そしてもうひとつ、CX-5には大きなトピックがある。ディーゼル・エンジン搭載モデルがラインアップされたことだ。「ディーゼル」と聞くと、いまだ「黒煙を吐きながら走る環境に悪いクルマ」というイメージを抱く人もいるかもしれない。しかしながら、新世代クリーンディーゼルは、名前のとおり、まったく新しい技術により、高い環境性能と走行性能を両立したエンジンとなっている。
ガソリン・エンジンと比較しながら、そのドライバビリティ、環境性能、コストパフォーマンスなど、ディーゼル・エンジンモデルを多角的に検証してみる。

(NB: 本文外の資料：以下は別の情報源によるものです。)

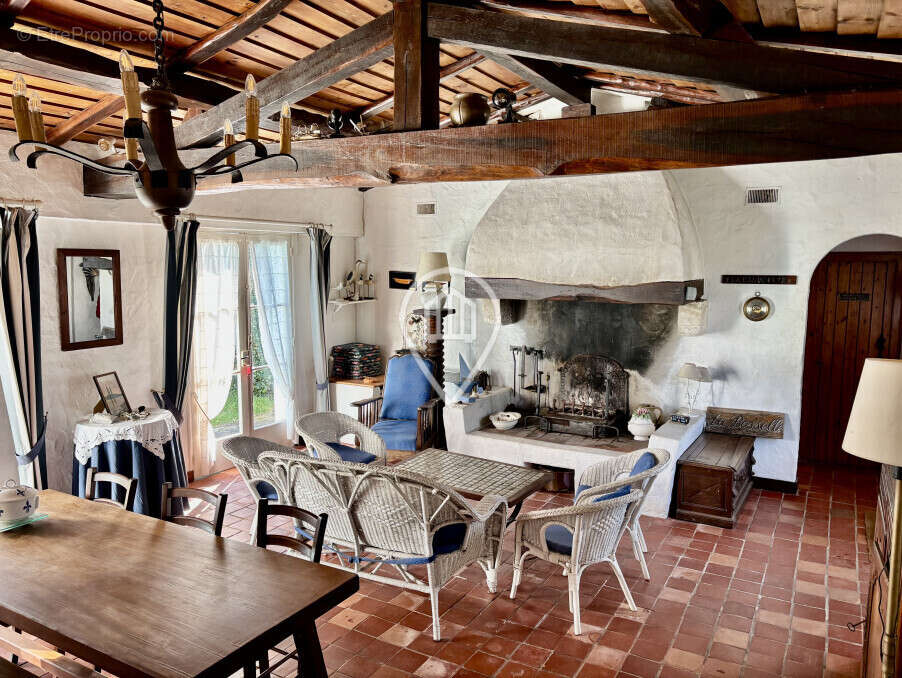 Maison à NOIRMOUTIER-EN-L&#039;ILE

まずは、ガソリン・エンジン搭載モデルである20Sの4WDモデルに乗る。さっそくドアを開け運転席座ろうとすると、スッとシートにお尻を滑り込ませられる乗降性の良さを感じる。座面が高いクロスオーバーカーならではの優位性だ。もちろんアイポイントもセダンより高めなので視界に優れ運転しやすいという、まさに”クロスオーバー”のメリットがパッケージからも伺える。
サテンメッキの施されたダッシュボードをはじめベーシックなトーンの室内は、視覚的に質感の高さがあり、人の触れる部分のマテリアルの質感も良く、操作性にも優れる。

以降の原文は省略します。